El lunes pasado (como cada 5 de enero desde 1992), el país conmemoró el Día del Periodista Ecuatoriano. Digo conmemoró y no celebró, pero debería haberse celebrado. Aunque sea por el poco periodismo que se sigue haciendo hoy (con múltiples dificultades, cuando no se trata de acoso o amenazas directas). Periodismo que es de la misma estirpe de aquel que no claudicó en sus esfuerzos por aclarar los atroces acontecimientos tras los cuales los hermanos Restrepo jamás volvieron a aparecer. De esa desgracia nacional este jueves 8 de enero se cumplieron 38 años. Muchas de esas investigaciones periodísticas hicieron su parte para que luego la familia Restrepo Arismendi y la sociedad entera pudieran exigir la rendición de cuentas y el cambio de prácticas correspondientes.
Seguramente podría pasar días enumerando los casos de corrupción y todo tipo de malas prácticas que los periodistas ecuatorianos han destapado y seguido, solo en el último par de décadas.
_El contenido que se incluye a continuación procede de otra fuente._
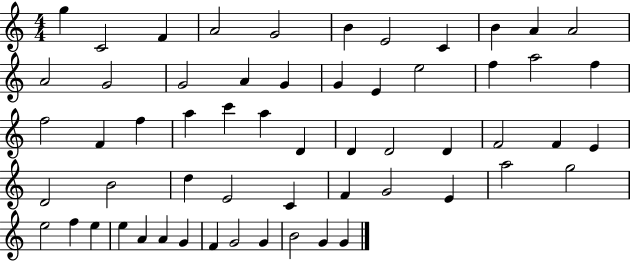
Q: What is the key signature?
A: C major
Gracias a eso hemos sabido a lo que se dedican dirigentes y capataces de medio pelo, públicos y privados: casi siempre, a robar y a trampear.
Investigaron y publicaron los latrocinios y abusos de poder en serie del correísmo (consultar cualquier hemeroteca es gratuito, igual que miles de archivos audiovisuales en internet; dense un tiempito y refresquen la memoria: todo lo que denunció el periodismo en esa época era cierto) y lo siguen haciendo con los escandalosos chanchullos (Progen), la indolencia (menores de Las Malvinas) y la ineptitud (el Negro Willy liberado en España) del noboísmo.
Oficio duro —si se lo practica a conciencia— y, por desgracia, casi siempre, mal pagado. Milagrosamente sigue habiendo gente con vocación dispuesta a hacerlo. Habría que empezar a armar un ecosistema periodístico empresarial autosostenible que erradique la precariedad y asegure condiciones óptimas a los periodistas y no solo a los dueños de la empresa. Esta no puede ser una tarea solo de los empresarios periodísticos, sino que tiene que asumirla la sociedad entera, porque sin periodismo está condenada a pasarla muy mal. Créanme, sin periodismo viviríamos a ciegas, mangoneados, engañados, pisoteados; ahora, aunque sea sabemos.
Y no digo buen periodismo, sino periodismo a secas. Que es el único que cuenta. Si no es bueno, no es periodismo. Entonces, mis queridos, si hay algo que les aconsejo que deseen tener en abundancia este año es periodismo. Harto periodismo. A ver si así nos espabilamos todos a la vez y, con información en mano, exigimos que las cosas empiecen a cambiar.
Entonces que el 2026 nos traiga a todos dosis ingentes de periodismo inclaudicable. Y, cierto, casi me olvido: ¡feliz año!